Forget the disappointing Black Dahlia, derailed and diluted by catastrophic casting of just about everyone except Aaron Eckhart, or the Faux Found Footage of RedactedPassion is a welcome return to the elements of Continental Brian, previously laid out for our delectation in the underrated Femme Fatale. Beautiful women in lingerie? Tick. Preposterous rococo plot which collapses after about, oh, five seconds’ analysis? Tick. Lipstick and nail varnish? Fuck-me (and-break-my-ankle) shoes in scarlet crocodile or emerald suede? Crazy camera angles, baroque lighting effects, bonkers split screen? Dream sequences so indistinguishable from the dreamlike ambience of the film itself that you can’t tell where they stop or start? De Palma pastiching himself pastiching Hitchcock? Tick, tick, tick.


Ladies and gentlemen, in the Blonde Corner we have Rachel McAdams in Mean Girls Regina-to-the-max-mode as Christine, unscrupulous dragon lady boss of a super-slick advertising agency in Berlin.
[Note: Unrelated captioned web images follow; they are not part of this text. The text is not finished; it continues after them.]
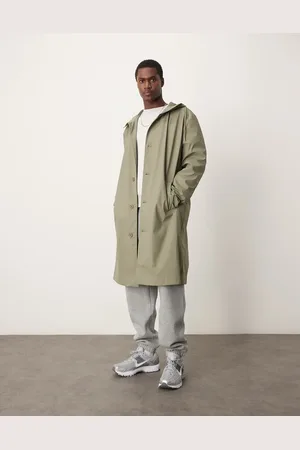 ASOS Kakigrøn gummieret trenchcoat med hætte
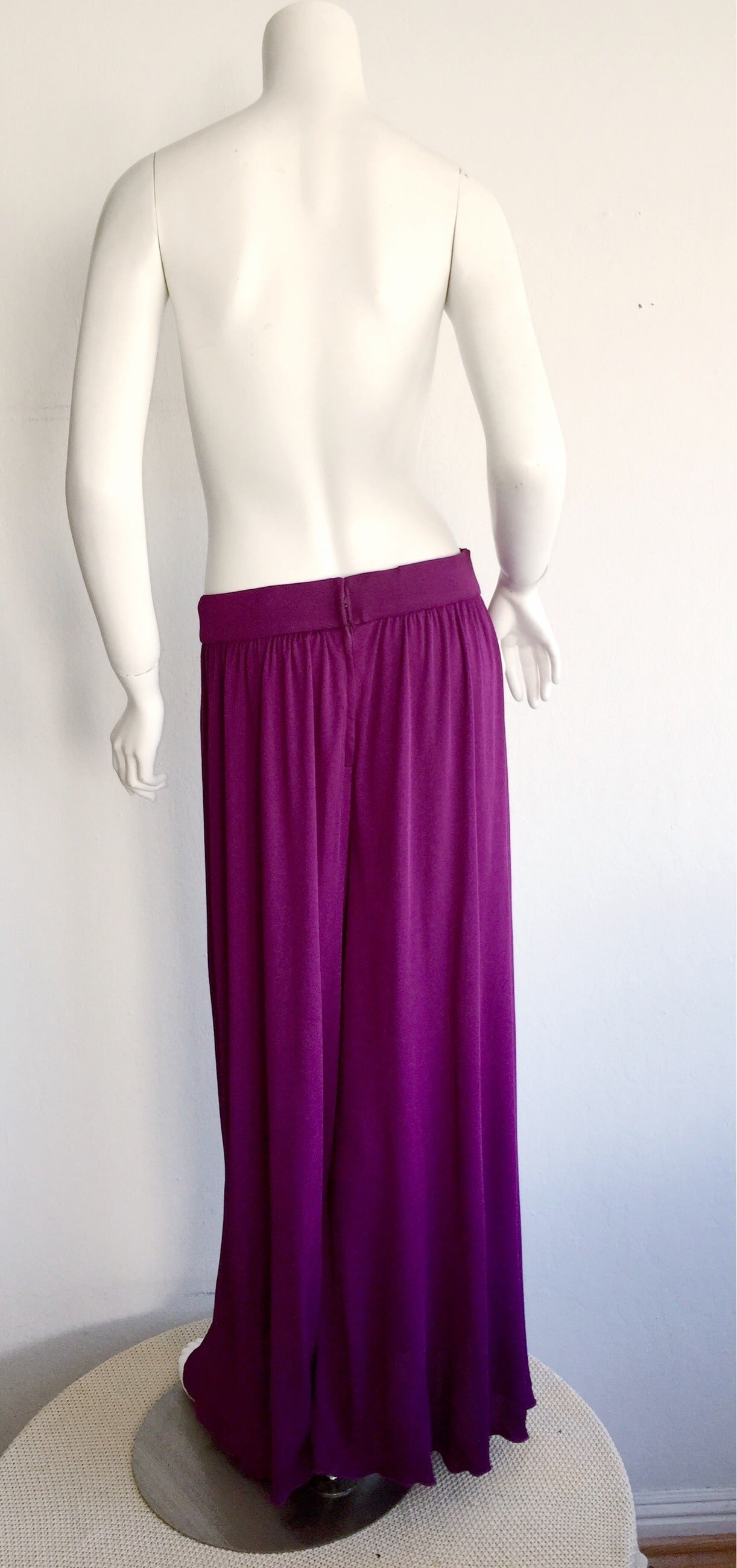 Holly's Harp Vintage Purple Violet Silk Jersey Palazzo Pants 4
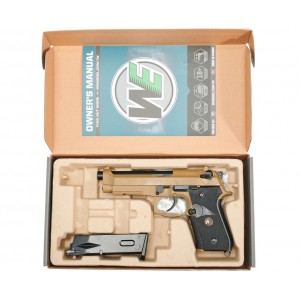 Страйкбольный пистолет WE Beretta M9A1 Rail Tan 6 мм, GBB, Gas WE-M009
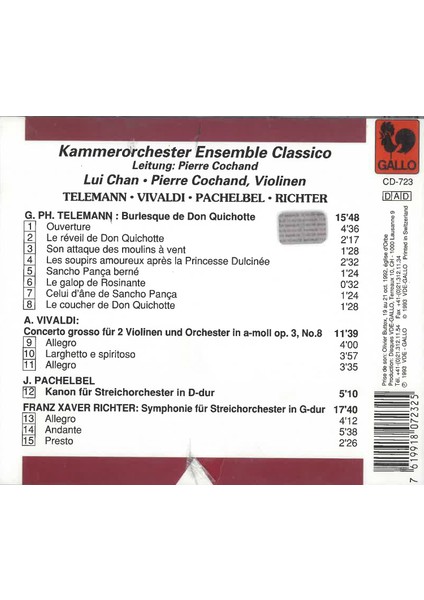 Kammerorchester Ensemble Classıco - CD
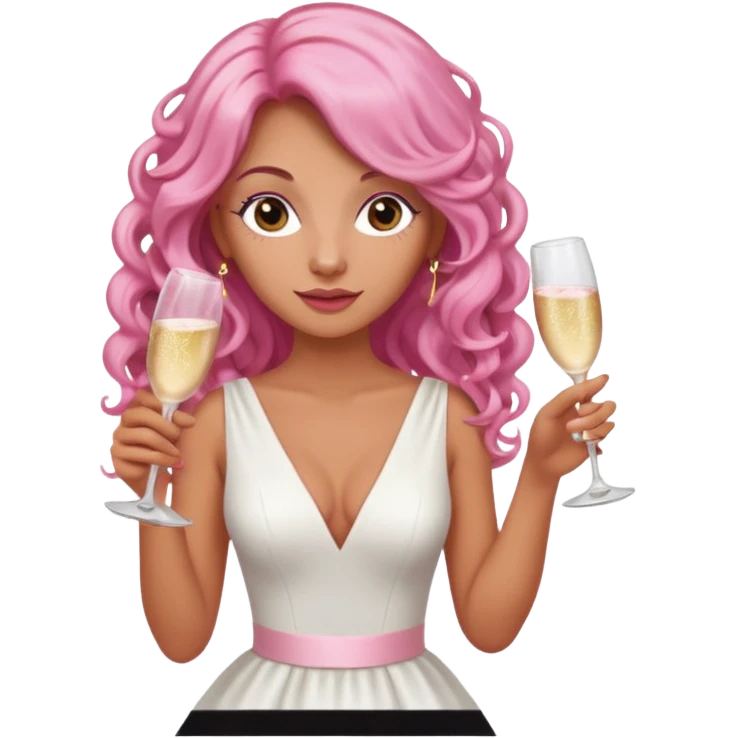 One lady with long pink curled hair and tan skin holding a glass of  pink champagne in each hand emoji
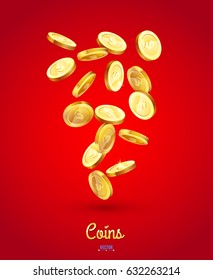 Realistic Gold coins falling down. Isolated on red background.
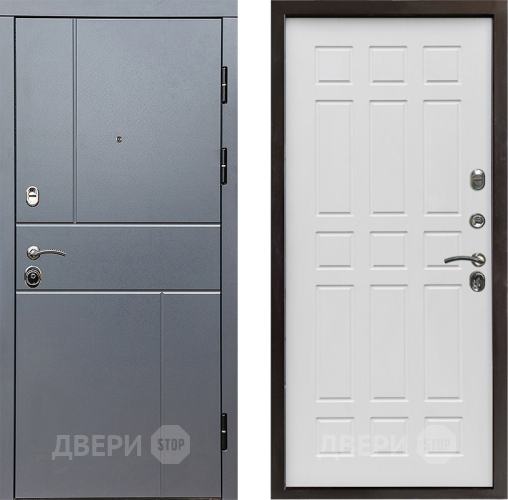 Входная металлическая Дверь Престиж Горизонт Грэй Спарта Белое дерево в Звенигород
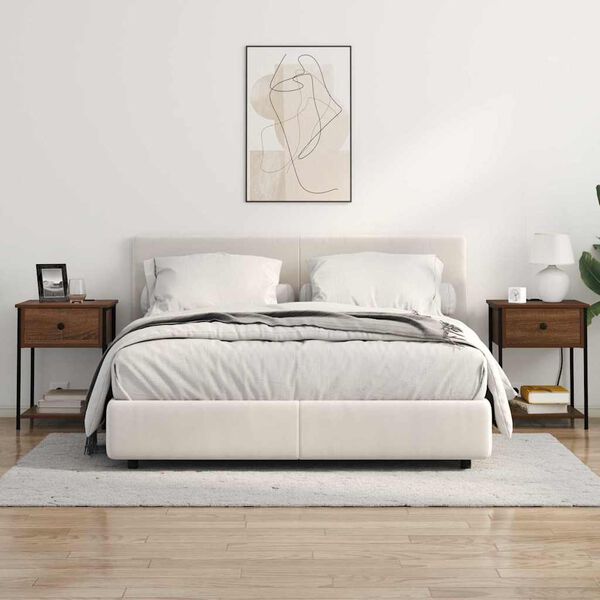 vidaXL Cabinet de chevet avec tiroir 2 pcs Ch&ecirc;ne brun 42 x 41 x 56 cm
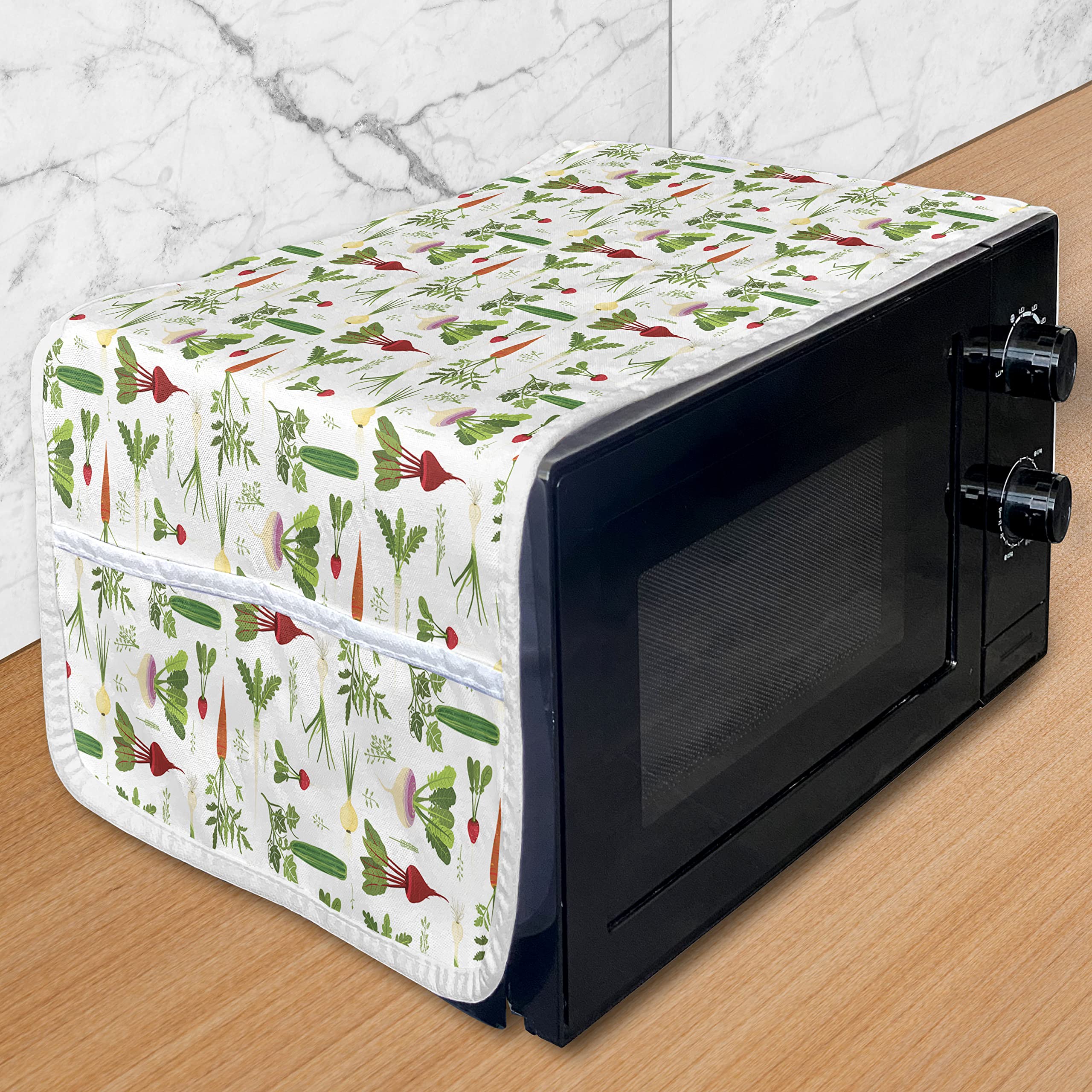 Ambesonne Microwave Cover with Food Art Pattern - Waterproof Cucumber Carrot Garlic Turnip Design, 36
She wears the Big Trousers, literally. Facing off against her in the Brunette corner we have black-suited Noomi Rapace as Isabelle, the talented protégée for whose idea Christine takes credit, leading to an escalating war of boardroom attrition involving shared boyfriends, betrayal, public humiliation and eventually, yup, murder. Also, 
girl-on-girl kissing, gratuitous black stockings, sexy    smoking and great earrings.  
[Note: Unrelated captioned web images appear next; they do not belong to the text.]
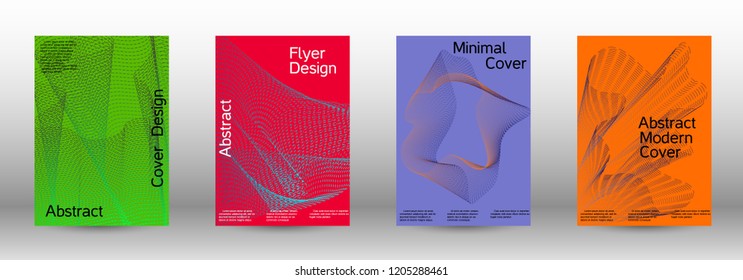 Cover design template set of a  with abstract gradient linear waves.Fashionable style. The background with is suitable for creating a banner, poster, booklet, catalog.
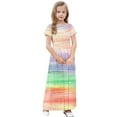 thumbnail image 4 of OGLCCG Girls Summer Maxi Dress Tie Dye Short Sleeve Casual Holiday A Line Flowy Long Dress Loose Boho Beach Dress with Pockets 4-14 Years, 4 of 7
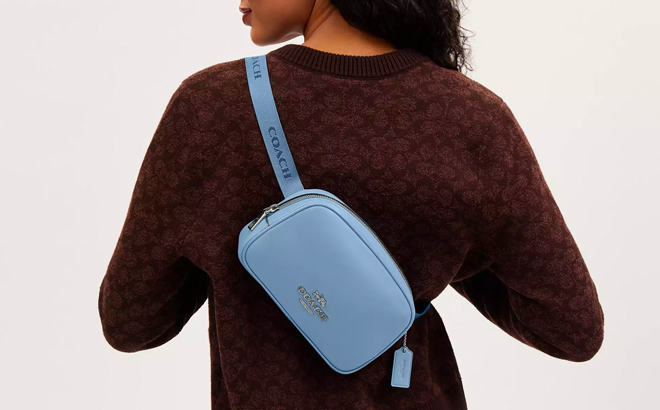 Model Wearing Coach Pace Belt Bag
But wait, there’s more! Evidently Corneau’s Blonde versus Brunette scenario wasn’t enough for De Palma, for the naughty old poodle has added a Redhead – German actress Karoline Herfurth, who played the Lisbeth Salander-like tyro vampire in the splendid Wir sind die nacht (We Are the Night). She holds her own against the film’s two heavy hitters as Dani, Isabelle’s assistant, who turns the film’s unromantic triangle into an uneven square. It’s only the fourth angle – a shared boyfriend called Dirk – who lets the side down; Paul Anderson was enigmatic and intriguing as Colonel Sebastian Moran in Sherlock Holmes: A Game of Shadows, but he’s miscast here, not to mention sloppily directed, and it’s hard to see what either Christine or Isabelle sees in him. But then, one gets the impression De Palma wasn’t terribly interested in the male characters. It’s the girl stuff that interests him. And why not?

 
It’s a film of surfaces and reflections, played out against a backdrop of glassy modern architecture and Pino Donaggio’s music, which at times echoes not just his own score for Dressed to Kill but Ennio Morricone’s for The Thing. There is no redeeming moral element, no insight into the human condition, no social comment, no resonance beyond that of a half-remembered dream, no nourishment for the soul. Unless, of course, your soul gets off, as mine does, on quintessentially De Palma-esque games of doubling, on the best accessorised exercise in backstabbing bitchery since Olivier Assayas’s DemonLover, on the best nervous breakdown in a swanky motor since Lana Turner had a hysterical screaming fit at the wheel of her car in The Bad and the Beautiful, on Bette Davis versus Joan Crawford-style melodramatic point-scoring, on the look of things, on camera moves, on film itself.